_Stored data entries_
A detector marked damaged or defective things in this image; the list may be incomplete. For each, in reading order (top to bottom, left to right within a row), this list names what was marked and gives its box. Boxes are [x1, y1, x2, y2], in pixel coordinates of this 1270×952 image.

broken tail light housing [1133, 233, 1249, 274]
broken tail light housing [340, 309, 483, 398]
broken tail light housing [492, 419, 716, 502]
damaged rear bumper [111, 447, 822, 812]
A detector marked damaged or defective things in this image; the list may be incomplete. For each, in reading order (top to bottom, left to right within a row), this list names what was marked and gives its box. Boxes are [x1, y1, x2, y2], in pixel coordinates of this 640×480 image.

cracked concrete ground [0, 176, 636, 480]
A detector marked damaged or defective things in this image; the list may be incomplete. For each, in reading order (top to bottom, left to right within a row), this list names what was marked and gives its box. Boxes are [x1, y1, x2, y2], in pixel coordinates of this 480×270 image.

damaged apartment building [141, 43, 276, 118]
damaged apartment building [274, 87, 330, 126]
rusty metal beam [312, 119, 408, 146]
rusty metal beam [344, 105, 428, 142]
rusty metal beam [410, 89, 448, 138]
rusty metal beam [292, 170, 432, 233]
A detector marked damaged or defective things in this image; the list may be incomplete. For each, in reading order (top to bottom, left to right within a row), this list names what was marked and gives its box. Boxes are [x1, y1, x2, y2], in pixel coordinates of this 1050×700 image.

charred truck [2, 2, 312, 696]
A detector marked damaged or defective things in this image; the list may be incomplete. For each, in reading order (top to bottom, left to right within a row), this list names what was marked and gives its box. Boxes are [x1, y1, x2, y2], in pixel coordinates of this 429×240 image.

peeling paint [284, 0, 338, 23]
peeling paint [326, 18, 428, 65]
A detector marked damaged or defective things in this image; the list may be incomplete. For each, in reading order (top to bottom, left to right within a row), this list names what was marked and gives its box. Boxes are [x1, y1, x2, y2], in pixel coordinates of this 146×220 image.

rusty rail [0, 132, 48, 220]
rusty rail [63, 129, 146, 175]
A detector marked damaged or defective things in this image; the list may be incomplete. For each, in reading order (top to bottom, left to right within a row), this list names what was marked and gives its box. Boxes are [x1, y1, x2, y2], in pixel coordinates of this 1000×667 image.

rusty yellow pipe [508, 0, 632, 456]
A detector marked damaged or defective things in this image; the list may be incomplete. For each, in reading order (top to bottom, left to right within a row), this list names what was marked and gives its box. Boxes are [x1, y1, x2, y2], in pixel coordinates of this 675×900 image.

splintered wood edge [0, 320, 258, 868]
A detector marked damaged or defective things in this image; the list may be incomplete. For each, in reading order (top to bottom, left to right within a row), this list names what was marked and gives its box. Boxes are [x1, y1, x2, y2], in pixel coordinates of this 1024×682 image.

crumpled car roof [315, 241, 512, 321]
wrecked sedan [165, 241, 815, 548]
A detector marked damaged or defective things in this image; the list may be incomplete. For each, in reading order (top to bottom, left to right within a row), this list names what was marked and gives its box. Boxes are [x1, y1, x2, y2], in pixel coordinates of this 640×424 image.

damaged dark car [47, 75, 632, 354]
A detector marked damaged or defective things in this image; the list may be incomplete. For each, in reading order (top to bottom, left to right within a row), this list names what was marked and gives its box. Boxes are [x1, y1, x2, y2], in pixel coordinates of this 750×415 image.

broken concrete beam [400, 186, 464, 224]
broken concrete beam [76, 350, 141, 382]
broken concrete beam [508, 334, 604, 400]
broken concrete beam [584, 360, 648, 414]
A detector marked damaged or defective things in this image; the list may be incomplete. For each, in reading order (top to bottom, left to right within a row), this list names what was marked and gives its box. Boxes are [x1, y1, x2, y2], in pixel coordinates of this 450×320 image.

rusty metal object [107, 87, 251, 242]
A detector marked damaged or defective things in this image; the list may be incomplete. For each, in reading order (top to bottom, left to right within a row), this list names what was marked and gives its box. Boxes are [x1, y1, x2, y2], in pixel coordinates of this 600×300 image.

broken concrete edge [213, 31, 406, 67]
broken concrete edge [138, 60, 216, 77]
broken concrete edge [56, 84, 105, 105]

_REQUIRED ACTION_
All lines from the line holding "this 450×320 image." through the end of the records above need to be transcribed exactly, and no other text should appear.

_TASK RESPONSE_
A detector marked damaged or defective things in this image; the list may be incomplete. For each, in reading order (top to bottom, left to right within a row), this list names what was marked and gives its box. Boxes are [x1, y1, x2, y2], in pixel coordinates of this 450×320 image.

rusty metal object [107, 87, 251, 242]
A detector marked damaged or defective things in this image; the list may be incomplete. For each, in reading order (top to bottom, left to right within a row), this list names what was marked and gives its box. Boxes are [x1, y1, x2, y2], in pixel coordinates of this 600×300 image.

broken concrete edge [213, 31, 406, 67]
broken concrete edge [138, 60, 216, 77]
broken concrete edge [56, 84, 105, 105]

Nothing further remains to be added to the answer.